Вроде тут на все заполярье экспертов подобного толка вовсе не водится, запропастились внезапно куда-то все. И я, как бы самый, что ни наесть сведущий в ледовых делах супер-маэстро, на фоне всех несведущих в этом сложном деле присутствующих полярников. Нашли гляциолога, ёшкин кот!
Вывел меня из задумчивости начальник лоцмейстерского отряда. Открыв дверь моей каюты, он минуты три наблюдал, как я шуршу страницами книжонки поименованной "Правила гидрографической службы ? 9", затем улыбнувшись, сказал:
"Дружище, бросай на хрен эту книжонку, одевайся и выходи на палубу. Трап уже спустили на лед. Делается все просто - берешь доску метра три длинной, спускаешься на лед и своими ножками испытываешь на предмет его пригодности для нахождения людей. Доска уже приготовлена. Оденься полегче, ну и доску держи крепко и горизонтально, чтобы сразу не уйти под лед с головой, если вдруг лед тебя не выдержит".
Все так же улыбаясь, Клубков хлопнул меня ободряюще по плечу - дескать, не ссы, стажер, держи хвост пистолетом - мы тебя гарантированно по-быстрому спасем, если вдруг провалишься и ухнешь под лед. Ну и вообще, если ты и самую малость, еще зеленый как стручок гороховый, да сопливый, словно улитка виноградная, это ничего - всему научим, сопли осушим, и будешь ты настоящим полярником.
Если выразиться поэтически, то получилось примерно следующее:
Белой ночью бегут олени
И синеют сплошные льды,
А на десятой параллели
В это время цветут сады.
А нам не страшен не вал девятый
Ни холод вечной мерзлоты
Ведь мы ребята, ведь вы ребята
Семидесятой широты...
Так у меня в ушах и зазвенела эта песенка Станислава Пожлакова. Есть такой замечательный, ленинградский композитор в Советском Союзе! Песни его я обожаю! И эта о парнях семидесятой широты просто изумительная! И что характерно, поется в ней про моих коллег и начальников и давненько, ну и немножко уже про меня.
Если надо, значит, надо,
Значит, будут и здесь сады.
Пусть метели бушуют рядом,
Надо будет -- растопим льды.
Пусть морозы и пусть тревоги,
Пусть сугробы встают круты,
Мы проложим пути-дороги
По законам своей мечты.
Это сильно! Не страшен нам вал девятый это композитор с поэтом, конечно, через край хватили, да и про холод вечной мерзлоты слегка перебарщивают. Страшен и вал и холод! Но, в общем и целом, хочется выглядеть этаким полярным обветренным волком без страха и упрека, в сияющих меховых "доспехах".
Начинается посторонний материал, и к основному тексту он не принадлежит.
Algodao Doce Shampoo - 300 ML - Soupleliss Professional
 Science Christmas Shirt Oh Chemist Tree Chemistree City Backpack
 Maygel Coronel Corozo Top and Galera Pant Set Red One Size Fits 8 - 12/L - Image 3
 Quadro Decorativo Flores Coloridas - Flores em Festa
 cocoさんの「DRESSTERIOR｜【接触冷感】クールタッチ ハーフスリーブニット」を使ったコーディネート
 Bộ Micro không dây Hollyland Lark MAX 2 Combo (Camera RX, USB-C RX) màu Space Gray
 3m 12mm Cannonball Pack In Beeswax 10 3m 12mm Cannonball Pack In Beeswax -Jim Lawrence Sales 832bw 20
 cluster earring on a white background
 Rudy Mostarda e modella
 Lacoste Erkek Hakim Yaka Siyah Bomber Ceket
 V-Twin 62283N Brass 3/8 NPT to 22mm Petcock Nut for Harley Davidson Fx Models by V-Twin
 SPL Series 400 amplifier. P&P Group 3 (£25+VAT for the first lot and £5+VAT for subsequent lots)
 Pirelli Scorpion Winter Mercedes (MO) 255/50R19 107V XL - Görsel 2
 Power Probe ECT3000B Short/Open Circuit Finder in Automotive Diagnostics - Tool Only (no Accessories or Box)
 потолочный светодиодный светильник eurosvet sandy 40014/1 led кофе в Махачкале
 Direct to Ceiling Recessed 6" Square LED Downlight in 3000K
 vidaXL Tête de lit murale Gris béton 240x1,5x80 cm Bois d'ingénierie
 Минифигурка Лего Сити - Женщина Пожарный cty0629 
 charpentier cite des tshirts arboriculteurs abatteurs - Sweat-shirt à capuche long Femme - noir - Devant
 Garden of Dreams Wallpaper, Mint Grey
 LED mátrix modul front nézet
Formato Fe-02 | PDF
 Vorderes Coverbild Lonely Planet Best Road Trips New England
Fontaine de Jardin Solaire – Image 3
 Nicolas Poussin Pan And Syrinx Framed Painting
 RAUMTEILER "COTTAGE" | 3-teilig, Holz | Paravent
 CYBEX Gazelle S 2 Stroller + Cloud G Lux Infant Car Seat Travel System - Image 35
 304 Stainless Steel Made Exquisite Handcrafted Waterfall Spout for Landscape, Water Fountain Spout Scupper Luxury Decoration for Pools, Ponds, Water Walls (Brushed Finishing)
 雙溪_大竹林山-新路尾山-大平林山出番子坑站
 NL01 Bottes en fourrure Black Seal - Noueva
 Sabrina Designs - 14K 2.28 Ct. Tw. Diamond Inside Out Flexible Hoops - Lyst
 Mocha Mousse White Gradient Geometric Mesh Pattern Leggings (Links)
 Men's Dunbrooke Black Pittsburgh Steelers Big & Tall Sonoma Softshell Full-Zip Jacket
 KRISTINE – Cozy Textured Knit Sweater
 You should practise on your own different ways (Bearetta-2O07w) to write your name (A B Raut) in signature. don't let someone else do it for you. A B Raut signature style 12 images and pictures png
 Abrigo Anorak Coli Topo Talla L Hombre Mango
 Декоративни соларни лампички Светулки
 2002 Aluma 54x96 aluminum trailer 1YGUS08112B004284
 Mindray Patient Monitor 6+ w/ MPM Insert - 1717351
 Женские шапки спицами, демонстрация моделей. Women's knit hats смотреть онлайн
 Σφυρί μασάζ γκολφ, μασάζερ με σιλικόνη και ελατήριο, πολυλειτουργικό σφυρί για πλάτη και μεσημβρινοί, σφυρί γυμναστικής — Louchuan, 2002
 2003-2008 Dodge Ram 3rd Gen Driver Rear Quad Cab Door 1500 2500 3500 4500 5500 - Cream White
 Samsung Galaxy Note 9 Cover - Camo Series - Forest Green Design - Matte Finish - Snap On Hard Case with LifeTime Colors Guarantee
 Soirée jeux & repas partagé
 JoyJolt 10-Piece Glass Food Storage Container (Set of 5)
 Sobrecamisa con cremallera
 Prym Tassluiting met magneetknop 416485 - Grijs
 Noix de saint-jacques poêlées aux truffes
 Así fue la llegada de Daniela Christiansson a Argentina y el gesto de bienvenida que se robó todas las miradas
Команда начальника меня "слегка" на испуг пробилаот копчика до самых пяток. Если провалишься - мы тебя спасем. Обнадежил. Был со мной случай в Питере, когда изучал морские премудрости на третьем курсе морского училища. Случай довольно неприятный и связанный как раз со льдом. И настолько неприятный, что после него смотреть мне на лед особенно в натуре, да еще из-под воды, ох как не хотелось бы.
Не помню, кто точно, но как бы ни мой сокурсник Паша Федоров заманил меня обучаться на курсах легководолазного дела. Отучились мы с ним как положено, впитав теоретический курс, познали азбучные истины. Премудрости не великие: не вдыхать воздух из баллона при всплытии, не всплывать быстрее пузырьков выдыхаемого воздуха, не погружаться в глубину на выдохе, не совершать погружения в одиночку, без инструктора, страхующего на сигнальном конце, ну и прочее, и прочее, и прочее.
И настала пора перейти нашей группе новоявленных миру легководолазов, почти ихтиандров к практическим занятиям. Надо сказать, время года для практических занятий было не самое подходящее, самый что ни на есть противнейший, на мой взгляд, из всех месяцев года - февраль.
Практиковаться привезли нас на Лемболовское озеро, это на Карельском перешейке, в полусотне километров от Ленинграда, где предполагалось проводить практические погружения. Озеро большущее в длину десяток километров, да пару километров в ширину.
В переводе с карельского языка название Лемболовское означает Чертово озеро. Что интересно, когда Карельский перешеек принадлежал Финляндии, и озеро имело финское название Lempaalanjärvi (Лемпааланярви), переводилось оно все равно, как Чертово озеро.
Да и речушка, вытекающая из него и, именуемая Лемболовкой, с карельского языка переводится не иначе как Чертовка. Раньше при финнах эта речушка эта именовалась Виисси-иокки, что означало, опять-таки, Чертова река.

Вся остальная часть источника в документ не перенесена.